[Captioned web image data]
* * * *
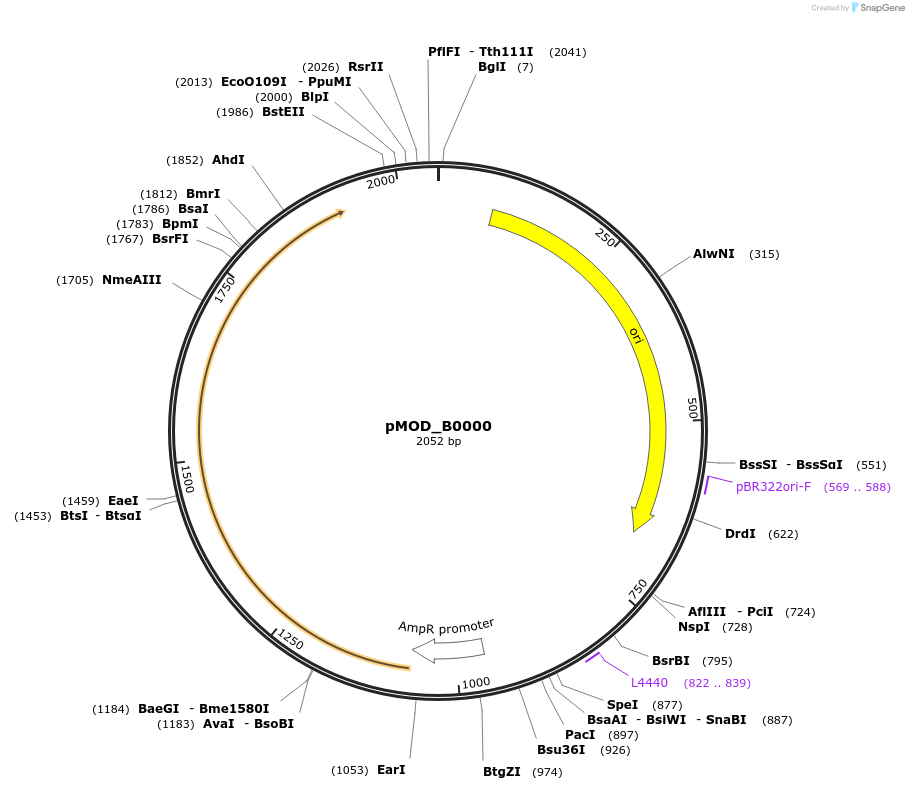 91058-plasmid-map-sequence-id-181869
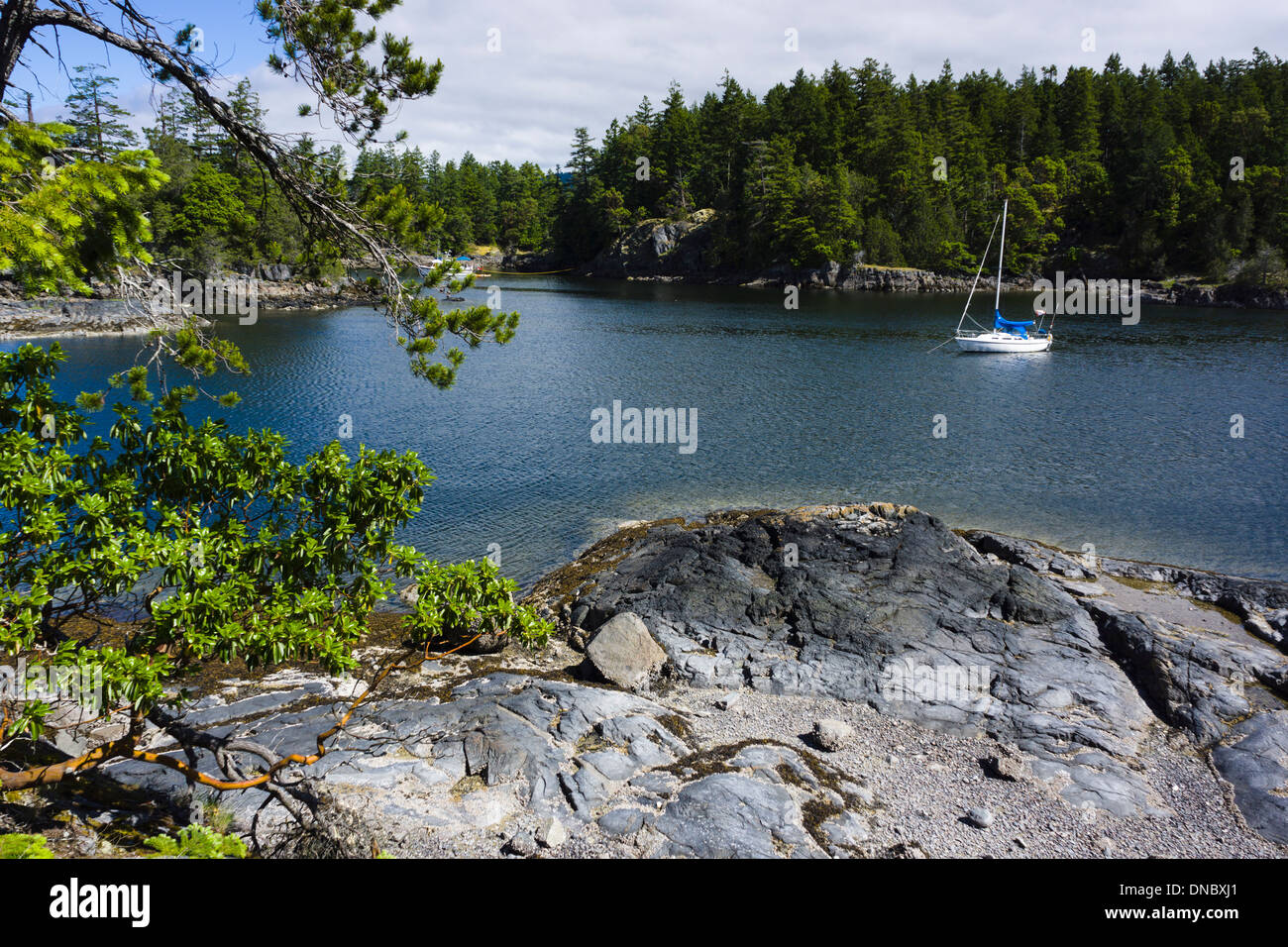 Smuggler Cove Marine Provincial Park, Sunshine Coast, British Columbia, Canada Banque D'Images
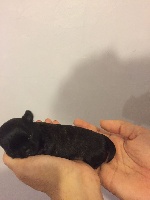 CHIOT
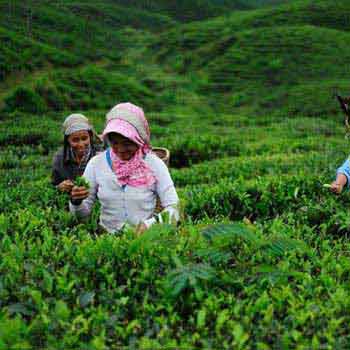 Southern Tea Estate Tour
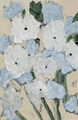 Image Not Available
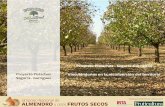 Proyecto Pistachos - Segarra Garrigues Vinculándonos …jornadasfruticultura.com/images/Joan-Fortuny-web.pdf · Origen en Tarrega (Lleida) ... BORGES aportó de forma gratuita al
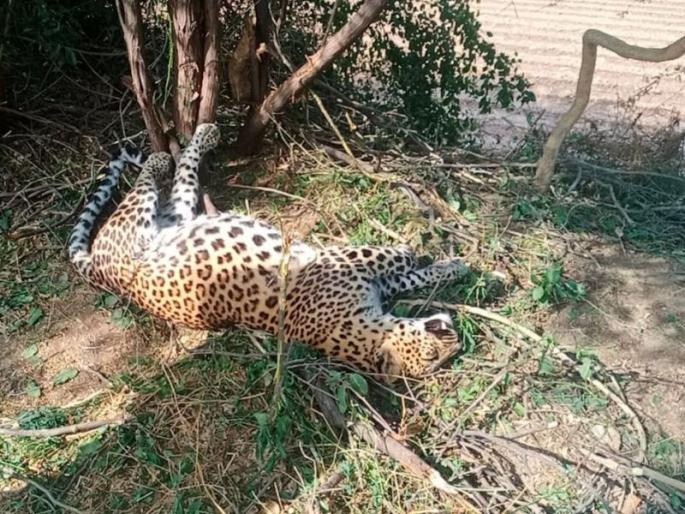 At Humbarde, the stray ghost was trapped in a star fence | हुंबर्डे येथे तारेच्या कुंपणात अडकल्याने बिबट्या गतप्राण At Humbarde, the stray ghost was trapped in a star fence | हुंबर्डे येथे तारेच्या कुंपणात अडकल्याने बिबट्या गतप्राण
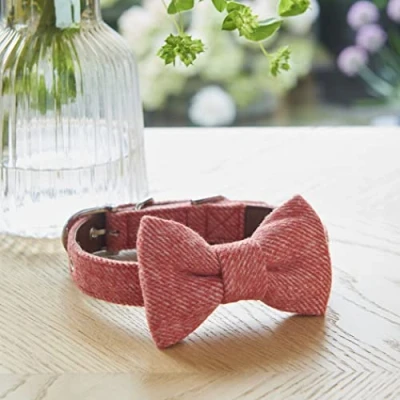 Image of Sweet William Designs Tweed Bow Tie Orange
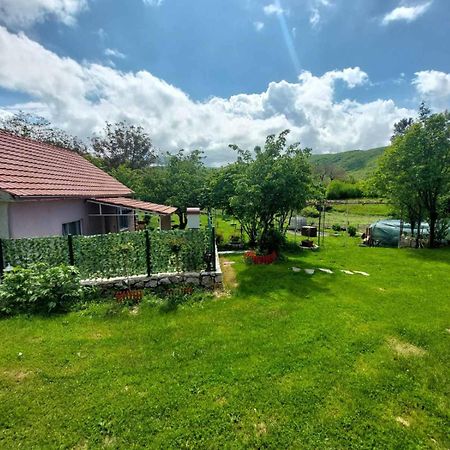 Village Flower Ivy Montenegro Нікшич Екстер'єр фото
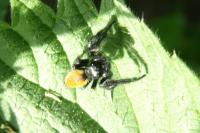 Carrhotus xanthogramma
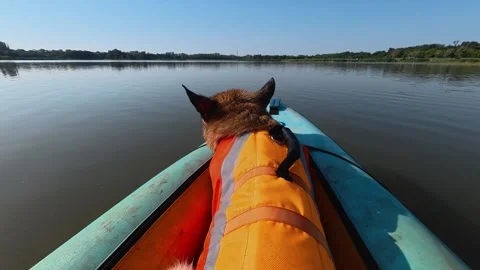 German shepherd in a life jacket rides at the front of a kayak on calm water Stock Footage 344817310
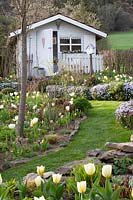 Spring bed at the garden house, Phlox subulata 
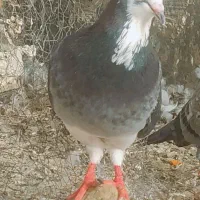 فروش کفتر
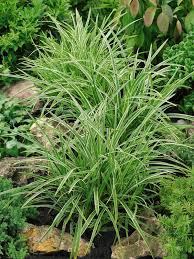 Image result for Carex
* * * *
■ EXERCISE DIRECTIONS
From the first line to the last, repeat the data above exactly and leave the pictures out.

■ TASK RESULT
 91058-plasmid-map-sequence-id-181869
 Smuggler Cove Marine Provincial Park, Sunshine Coast, British Columbia, Canada Banque D'Images
 CHIOT
 Southern Tea Estate Tour
 Image Not Available
 Proyecto Pistachos - Segarra Garrigues Vinculándonos …jornadasfruticultura.com/images/Joan-Fortuny-web.pdf · Origen en Tarrega (Lleida) ... BORGES aportó de forma gratuita al
 At Humbarde, the stray ghost was trapped in a star fence | हुंबर्डे येथे तारेच्या कुंपणात अडकल्याने बिबट्या गतप्राण At Humbarde, the stray ghost was trapped in a star fence | हुंबर्डे येथे तारेच्या कुंपणात अडकल्याने बिबट्या गतप्राण
 Image of Sweet William Designs Tweed Bow Tie Orange
 Village Flower Ivy Montenegro Нікшич Екстер'єр фото
 Carrhotus xanthogramma
 German shepherd in a life jacket rides at the front of a kayak on calm water Stock Footage 344817310
 Spring bed at the garden house, Phlox subulata 
 فروش کفتر
 Image result for Carex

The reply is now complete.